The shift in behaviour is not restricted to the UK either. The trend mirrors a global surge in buying eco-friendly products as mass awareness of the harmful effects that humans are having on the planet grows.
News stories such as the Rana Plaza catastrophe in Bangladesh, with gruesome accounts of rescuers cutting off limbs from trapped workers, sometimes without anaesthesia, has also helped to publicise the plight of sweatshop workers and the real human cost of cheap clothing.
As the global population goes beyond 9 billion there seems to be a widening appreciation that we are exceeding our planet’s capacity and that there is simply not enough natural resources and food production to keep pace. Unlimited economic growth with finite resources is ultimately impossible. Something has to give. Either we do it for ourselves as a species or Mother Nature will do it for us.
The increase in purchases of eco-friendly and fair trade products reported by Nielsen may also be attributable to their greater availability and wider promotion through on-line sites such as the Green Providers Directory.
Regardless of the underlying reasons for the increase in numbers of people buying eco-friendly and fair trade products the news is surely heartening. It demonstrates that from humble beginnings, amidst cynicism and powerful vested interests, consumer demand for a healthier planet and sustainable future are at last forcing a paradigm shift.

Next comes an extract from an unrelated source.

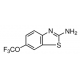 RILUZOLE GLUTAMATE RELEASE INH 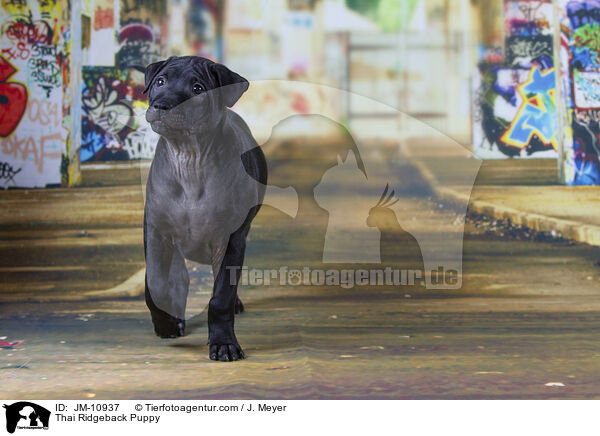 Thai Ridgeback Welpe / Thai Ridgeback Puppy / JM-10937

Many supermarkets now stock a sizeable proportion of eco-friendly and fair trade products in addition to their traditional ranges. The shift in behaviour has also encouraged ,and in some cases forced, suppliers to use sustainable ingredients and materials in the manufacturing process. It all adds up to a greener, cleaner and fairer world. Whilst it’s not yet a green revolution, it is a significant step forwards.